_WHAT TO WORK ON_
Among the lines below, copy exactly those from the one with "C. Mapanuring Pakikinig" through the one with "nang may wastong pagbabalarila", counting both ends.

Saved data entries:

.....

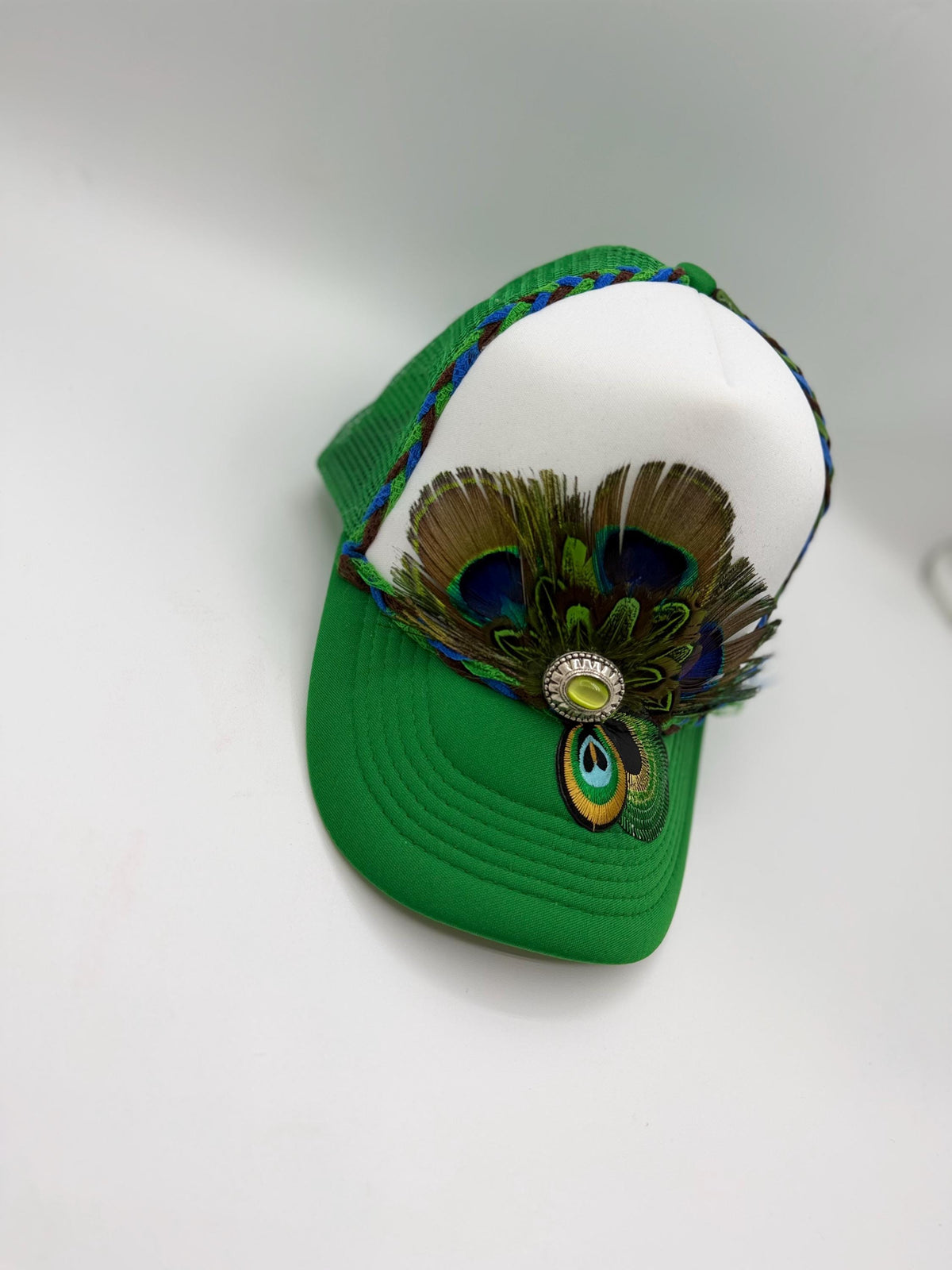 Handmade Peacock Feather Trucker Hat with Jeweled Accents, Statement Cap, Adjustable Mesh Hat
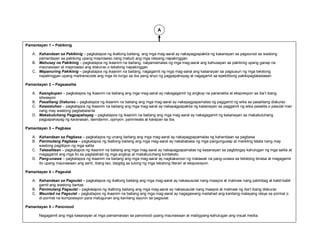 A
Pamantayan 1 – Pakikinig
A. Kahandaan sa Pakikinig – pagkatapos ng ikatlong baitang, ang mga mag-aaral ay nakapagpapakita ng kasanayan sa pagsunod sa wastong
pamantayan sa pakikinig upang maproseso nang mabuti ang mga ideyang napakinggan.
B. Mahusay na Pakikinig – pagkatapos ng ikaanim na baitang, naipamamalas ng mga mag-aaral ang kahusayan sa pakikinig upang ganap na
maunawaan at maproseso ang diskurso o tekstong napakinggan
C. Mapanuring Pakikinig – pagkatapos ng ikaanim na baitang, nagagamit ng mga mag-aaral ang kasanayan sa pagsusuri ng mga tekstong
napakinggan upang maitranscode ang mga ito tungo sa iba pang anyo ng pagpapahayag at nagagamit sa epektibong pakikipagtalastasan
Pamantayan 2 – Pagsasalita
A. Kaangkupan – pagkatapos ng ikaanim na baitang ang mga mag-aaral ay nakagagamit ng angkop na pananalita at ekspresyon sa iba’t ibang
sitwasyon
B. Pasalitang Diskurso – pagkatapos ng ikaanim na baitang ang mga mag-aaral ay nakapagpapamalas ng paggamit ng wika sa pasalitang diskurso
C. Kawastuhan – pagkatapos ng ikaanim na baitang ang mga mag-aaral ay nakapagpapakita ng kasanayan sa paggamit ng wika pasalita o pasulat man
nang may wastong pagbabalarila
D. Makabuluhang Pagpapahayag – pagkatapos ng ikaanim na baitang ang mga mag-aaral ay nakagagamit ng kasanayan sa makabuluhang
pagpapahayag ng karanasan, damdamin, opinyon, paniniwala at kaisipan sa iba.
Pamantayan 3 – Pagbasa
A. Kahandaan sa Pagbasa – pagkatapos ng unang baitang ang mga mag-aaral ay nakapagpapamalas ng kahandaan sa pagbasa
B. Panimulang Pagbasa – pagkatapos ng ikatlong baitang ang mga mag-aaral ay nakababasa ng mga pangungusap at maiikling talata nang may
wastong paglilipon ng mga salita
C. Talasalitaan – pagkatapos ng ikaanim na baitang ang mga mag-aaral ay nakapagpapamalas ng kasanayan sa pagbibigay kahulugan ng mga salita at
magagamit ang mga ito sa paglalahad ng mga angkop at makabuluhang konteksto.
D. Pang-unawa – pagkatapos ng ikaanim na baitang ang mga mag-aaral ay nagkakaroon ng malawak na pang-unawa sa tekstong binasa at magagamit
ito upang maunawaan ang sarili, ibang tao, daigdig sa tulong ng mga tekstong literari at eksposisyon.
Pamantayan 4 – Pagsulat
A. Kahandaan sa Pagsulat – pagkatapos ng ikatlong baitang ang mga mag-aaral ay nakasusulat nang maayos at malinaw nang palimbag at kabit-kabit
gamit ang wastong bantas
B. Panimulang Pagsulat – pagkatapos ng ikatlong baitang ang mga mag-aaral ay nakasusulat nang maayos at malinaw ng iba’t ibang diskurso
C. Maunlad na Pagsulat – pagkatapos ng ikaanim na baitang ang mga mag-aaral ay nagagawang mailahad ang kanilang malayang ideya sa pormal o
di-pormal na komposisyon para matugunan ang kanilang layunin sa pagsulat
Pamantayan 5 – Panonood
Nagagamit ang mga kasanayan at mga pamamaraan sa panonood upang maunawaan at mabigyang-kahulugan ang visual media.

.....

_REPLY TO THE TASK_
C. Mapanuring Pakikinig – pagkatapos ng ikaanim na baitang, nagagamit ng mga mag-aaral ang kasanayan sa pagsusuri ng mga tekstong
napakinggan upang maitranscode ang mga ito tungo sa iba pang anyo ng pagpapahayag at nagagamit sa epektibong pakikipagtalastasan
Pamantayan 2 – Pagsasalita
A. Kaangkupan – pagkatapos ng ikaanim na baitang ang mga mag-aaral ay nakagagamit ng angkop na pananalita at ekspresyon sa iba’t ibang
sitwasyon
B. Pasalitang Diskurso – pagkatapos ng ikaanim na baitang ang mga mag-aaral ay nakapagpapamalas ng paggamit ng wika sa pasalitang diskurso
C. Kawastuhan – pagkatapos ng ikaanim na baitang ang mga mag-aaral ay nakapagpapakita ng kasanayan sa paggamit ng wika pasalita o pasulat man
nang may wastong pagbabalarila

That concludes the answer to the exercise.